Sometimes judgment is poor, and you may make the mistake of getting behind the wheel after consuming alcohol or another drug. You have no intention to harm; you simply think you are fine because you only had a few drinks. Next thing you know, a police officer pulls you over.
At a DUI stop, law enforcement often ask you to participate in a field sobriety test, which reveals common signs of impairment. This test is not mandatory for you to take. However, what should you do if police require you to provide a chemical sample (breath, blood or urine)?
When a chemical test is permissible
First, you need to know when police have the right to demand a chemical test. This can only happen following arrest for DUI, and they must have a reason to arrest you. Most of the time, breath tests are the popular choice, unless you are unconscious or are under the influence of drugs instead of alcohol.
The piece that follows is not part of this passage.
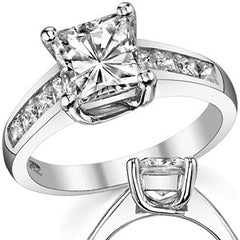 Princess Trellis Moissanite Engagement Ring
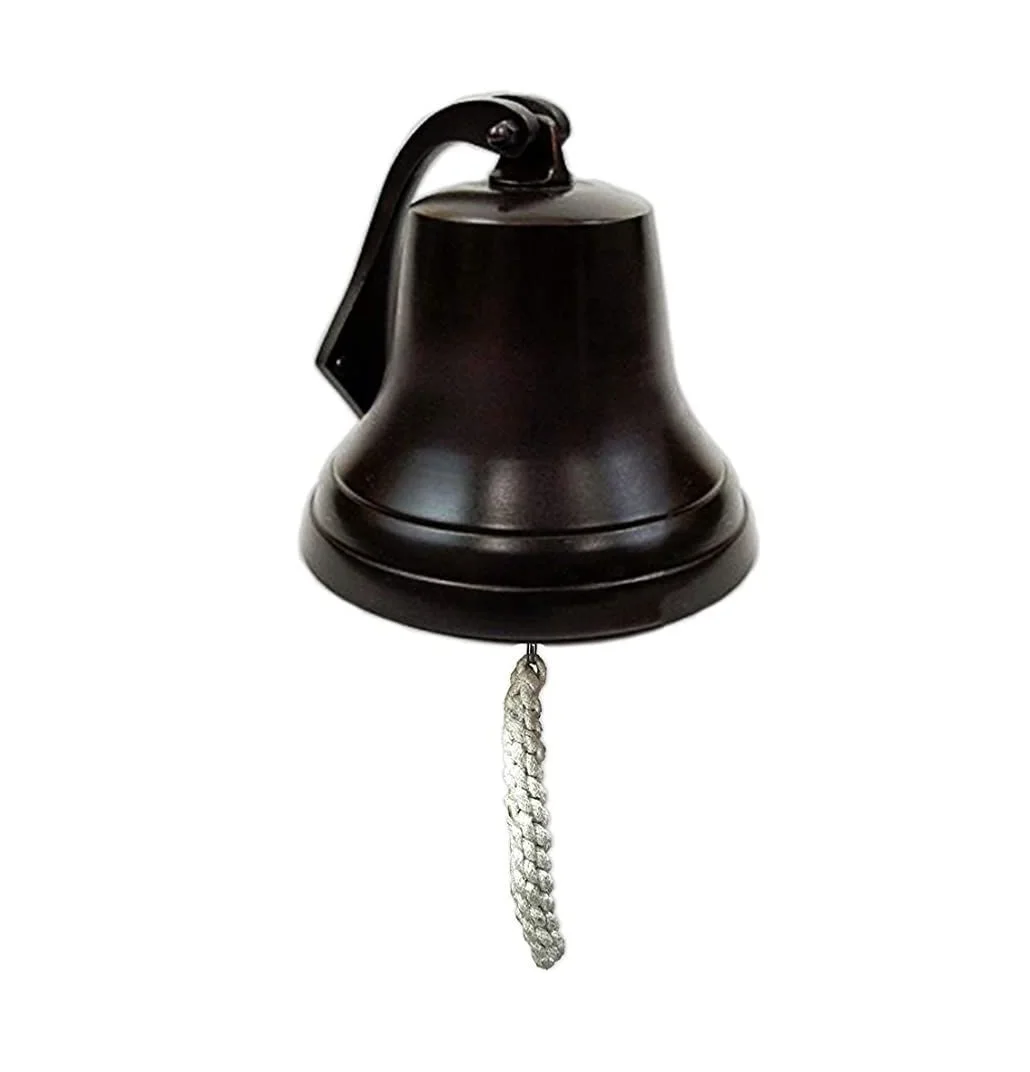 Antique gold vintage large nautical brass temple and ship bells wholesale exporter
South Dakota's implied consent law
Like many states, South Dakota has an implied consent law. This means that your choice to drive a car is automatic consent to the withdrawal of bodily substances for analysis. However, court rulings have decided that using force or doing it without your knowledge and express consent is illegal. Implied consent is insufficient.
You also have the right to refuse. It can come with administrative consequences but not criminal punishment. Refusing results in immediate license suspension that will last a year. You can dispute this within 120 days of your arrest. In order to still get a blood sample from you, the officer must secure a warrant first to make you take the test. A warrant is not necessary for breath tests.
Should you comply?
As you can see, there are pros and cons to taking the test. The pro is that you are more likely to retain your license and deal with less legal drama. The con is that it can provide incriminating evidence. Even so, there are ways to invalidate test results.